EXERCISE AIM — Write out all the entries below without any change.

*** Opening INPUT FOR THIS TASK ***

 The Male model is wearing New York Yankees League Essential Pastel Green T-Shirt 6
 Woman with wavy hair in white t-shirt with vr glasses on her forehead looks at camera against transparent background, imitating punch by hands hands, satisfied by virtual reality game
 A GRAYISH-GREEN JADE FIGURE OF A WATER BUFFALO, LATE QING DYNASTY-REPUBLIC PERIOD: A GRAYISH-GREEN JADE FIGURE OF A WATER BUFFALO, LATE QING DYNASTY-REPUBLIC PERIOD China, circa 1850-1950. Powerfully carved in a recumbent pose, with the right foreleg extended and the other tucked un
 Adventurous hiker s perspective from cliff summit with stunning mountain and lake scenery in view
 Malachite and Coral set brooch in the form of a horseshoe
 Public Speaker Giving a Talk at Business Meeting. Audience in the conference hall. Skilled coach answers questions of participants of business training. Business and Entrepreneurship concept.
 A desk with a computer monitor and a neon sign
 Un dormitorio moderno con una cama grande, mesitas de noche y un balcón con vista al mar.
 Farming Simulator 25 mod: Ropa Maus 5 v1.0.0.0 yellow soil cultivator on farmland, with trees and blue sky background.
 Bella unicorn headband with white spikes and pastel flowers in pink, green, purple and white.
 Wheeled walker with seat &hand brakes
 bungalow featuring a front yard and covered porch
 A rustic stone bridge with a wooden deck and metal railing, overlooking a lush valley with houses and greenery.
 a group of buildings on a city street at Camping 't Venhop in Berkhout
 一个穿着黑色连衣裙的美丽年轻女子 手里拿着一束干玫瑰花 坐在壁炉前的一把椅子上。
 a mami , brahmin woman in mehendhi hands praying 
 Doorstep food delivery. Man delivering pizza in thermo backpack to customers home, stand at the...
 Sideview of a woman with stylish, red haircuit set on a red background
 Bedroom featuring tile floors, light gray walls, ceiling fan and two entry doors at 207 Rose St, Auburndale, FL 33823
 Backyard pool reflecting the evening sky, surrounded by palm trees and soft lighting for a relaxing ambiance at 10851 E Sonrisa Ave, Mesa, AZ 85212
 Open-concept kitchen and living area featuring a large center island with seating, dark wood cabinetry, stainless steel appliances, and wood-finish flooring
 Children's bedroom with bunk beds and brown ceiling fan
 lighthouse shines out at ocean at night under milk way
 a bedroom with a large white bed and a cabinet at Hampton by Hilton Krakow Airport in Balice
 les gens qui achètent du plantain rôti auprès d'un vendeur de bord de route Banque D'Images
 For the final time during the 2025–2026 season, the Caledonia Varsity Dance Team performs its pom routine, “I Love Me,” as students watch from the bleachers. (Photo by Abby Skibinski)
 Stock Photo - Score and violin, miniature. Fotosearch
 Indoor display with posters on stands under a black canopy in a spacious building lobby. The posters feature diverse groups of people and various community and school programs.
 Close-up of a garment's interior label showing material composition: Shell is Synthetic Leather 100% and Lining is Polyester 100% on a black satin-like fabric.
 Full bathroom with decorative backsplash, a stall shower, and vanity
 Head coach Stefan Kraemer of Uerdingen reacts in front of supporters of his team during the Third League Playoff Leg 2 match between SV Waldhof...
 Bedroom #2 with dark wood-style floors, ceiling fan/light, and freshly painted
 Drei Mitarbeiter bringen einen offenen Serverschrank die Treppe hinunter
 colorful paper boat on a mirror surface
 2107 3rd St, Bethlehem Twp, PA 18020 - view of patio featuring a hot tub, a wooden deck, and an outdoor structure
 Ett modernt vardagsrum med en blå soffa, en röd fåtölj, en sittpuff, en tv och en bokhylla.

*** Closing INPUT FOR THIS TASK ***

RESULT OF THIS TASK —
 The Male model is wearing New York Yankees League Essential Pastel Green T-Shirt 6
 Woman with wavy hair in white t-shirt with vr glasses on her forehead looks at camera against transparent background, imitating punch by hands hands, satisfied by virtual reality game
 A GRAYISH-GREEN JADE FIGURE OF A WATER BUFFALO, LATE QING DYNASTY-REPUBLIC PERIOD: A GRAYISH-GREEN JADE FIGURE OF A WATER BUFFALO, LATE QING DYNASTY-REPUBLIC PERIOD China, circa 1850-1950. Powerfully carved in a recumbent pose, with the right foreleg extended and the other tucked un
 Adventurous hiker s perspective from cliff summit with stunning mountain and lake scenery in view
 Malachite and Coral set brooch in the form of a horseshoe
 Public Speaker Giving a Talk at Business Meeting. Audience in the conference hall. Skilled coach answers questions of participants of business training. Business and Entrepreneurship concept.
 A desk with a computer monitor and a neon sign
 Un dormitorio moderno con una cama grande, mesitas de noche y un balcón con vista al mar.
 Farming Simulator 25 mod: Ropa Maus 5 v1.0.0.0 yellow soil cultivator on farmland, with trees and blue sky background.
 Bella unicorn headband with white spikes and pastel flowers in pink, green, purple and white.
 Wheeled walker with seat &hand brakes
 bungalow featuring a front yard and covered porch
 A rustic stone bridge with a wooden deck and metal railing, overlooking a lush valley with houses and greenery.
 a group of buildings on a city street at Camping 't Venhop in Berkhout
 一个穿着黑色连衣裙的美丽年轻女子 手里拿着一束干玫瑰花 坐在壁炉前的一把椅子上。
 a mami , brahmin woman in mehendhi hands praying 
 Doorstep food delivery. Man delivering pizza in thermo backpack to customers home, stand at the...
 Sideview of a woman with stylish, red haircuit set on a red background
 Bedroom featuring tile floors, light gray walls, ceiling fan and two entry doors at 207 Rose St, Auburndale, FL 33823
 Backyard pool reflecting the evening sky, surrounded by palm trees and soft lighting for a relaxing ambiance at 10851 E Sonrisa Ave, Mesa, AZ 85212
 Open-concept kitchen and living area featuring a large center island with seating, dark wood cabinetry, stainless steel appliances, and wood-finish flooring
 Children's bedroom with bunk beds and brown ceiling fan
 lighthouse shines out at ocean at night under milk way
 a bedroom with a large white bed and a cabinet at Hampton by Hilton Krakow Airport in Balice
 les gens qui achètent du plantain rôti auprès d'un vendeur de bord de route Banque D'Images
 For the final time during the 2025–2026 season, the Caledonia Varsity Dance Team performs its pom routine, “I Love Me,” as students watch from the bleachers. (Photo by Abby Skibinski)
 Stock Photo - Score and violin, miniature. Fotosearch
 Indoor display with posters on stands under a black canopy in a spacious building lobby. The posters feature diverse groups of people and various community and school programs.
 Close-up of a garment's interior label showing material composition: Shell is Synthetic Leather 100% and Lining is Polyester 100% on a black satin-like fabric.
 Full bathroom with decorative backsplash, a stall shower, and vanity
 Head coach Stefan Kraemer of Uerdingen reacts in front of supporters of his team during the Third League Playoff Leg 2 match between SV Waldhof...
 Bedroom #2 with dark wood-style floors, ceiling fan/light, and freshly painted
 Drei Mitarbeiter bringen einen offenen Serverschrank die Treppe hinunter
 colorful paper boat on a mirror surface
 2107 3rd St, Bethlehem Twp, PA 18020 - view of patio featuring a hot tub, a wooden deck, and an outdoor structure
 Ett modernt vardagsrum med en blå soffa, en röd fåtölj, en sittpuff, en tv och en bokhylla.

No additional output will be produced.